• Work request: In the records below, find the line with "moreline沐兰冬新品女装立领直筒印花中长款棉服", then retype it and every following line exactly, stopping after the line with "Vue de face". Leave the pictures out.

• Exercise materials:
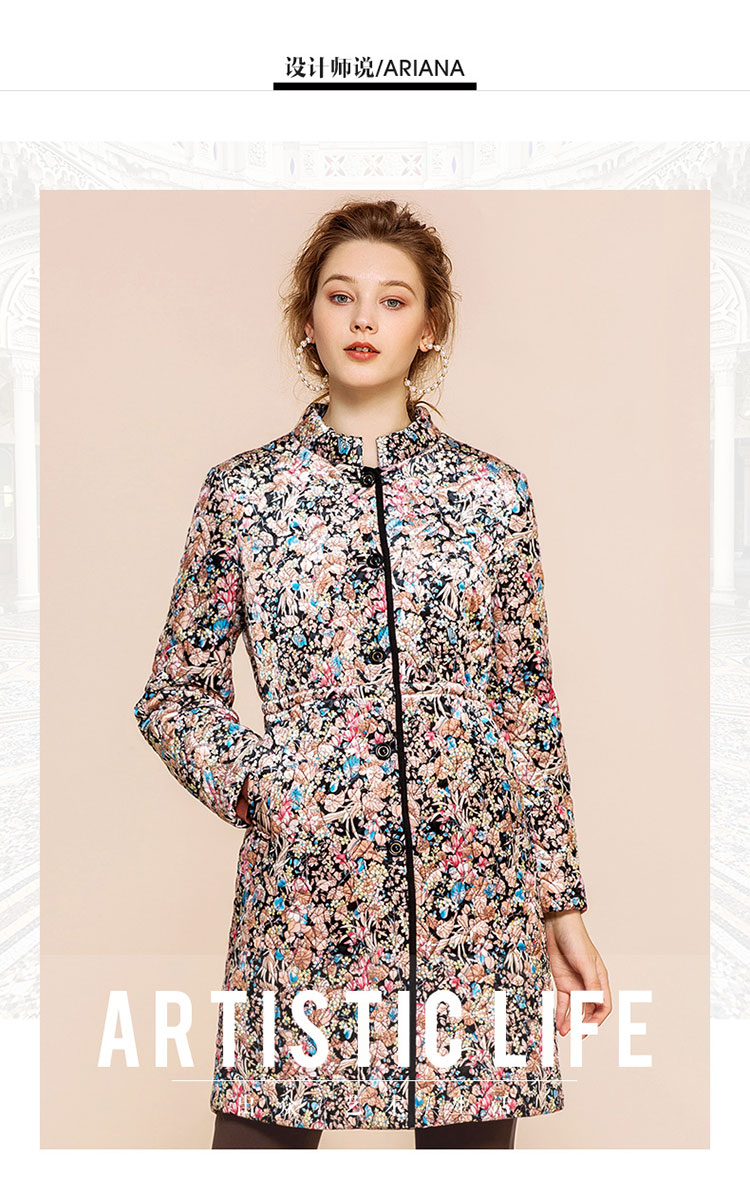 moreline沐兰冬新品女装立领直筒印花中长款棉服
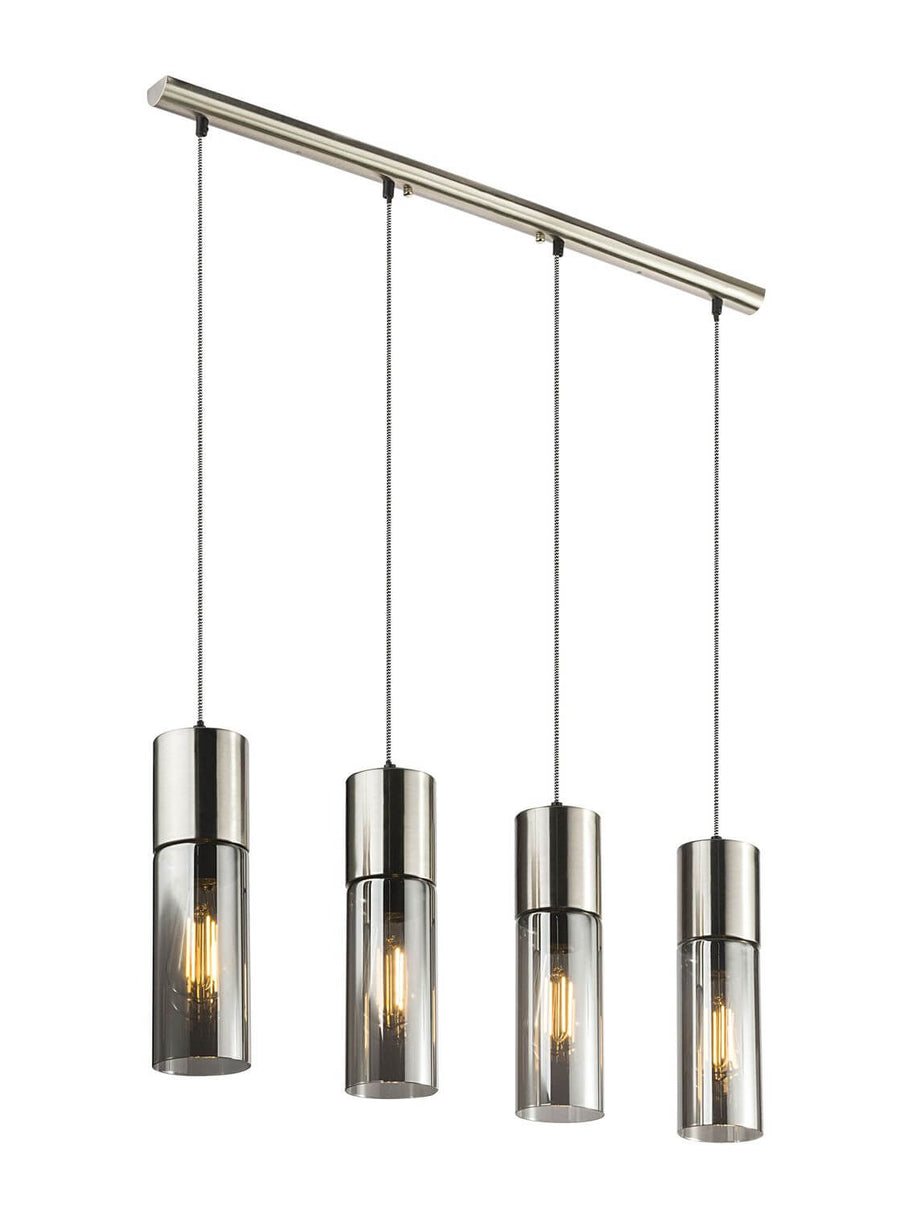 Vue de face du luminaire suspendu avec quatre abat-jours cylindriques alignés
--
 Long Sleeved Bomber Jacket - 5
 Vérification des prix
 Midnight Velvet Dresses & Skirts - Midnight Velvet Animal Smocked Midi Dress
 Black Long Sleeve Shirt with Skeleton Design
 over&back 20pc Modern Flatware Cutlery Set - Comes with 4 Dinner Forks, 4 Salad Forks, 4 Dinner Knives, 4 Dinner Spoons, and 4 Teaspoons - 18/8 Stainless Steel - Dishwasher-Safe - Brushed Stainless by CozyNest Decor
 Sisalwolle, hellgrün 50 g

• Completed task:
 moreline沐兰冬新品女装立领直筒印花中长款棉服
 Vue de face du luminaire suspendu avec quatre abat-jours cylindriques alignés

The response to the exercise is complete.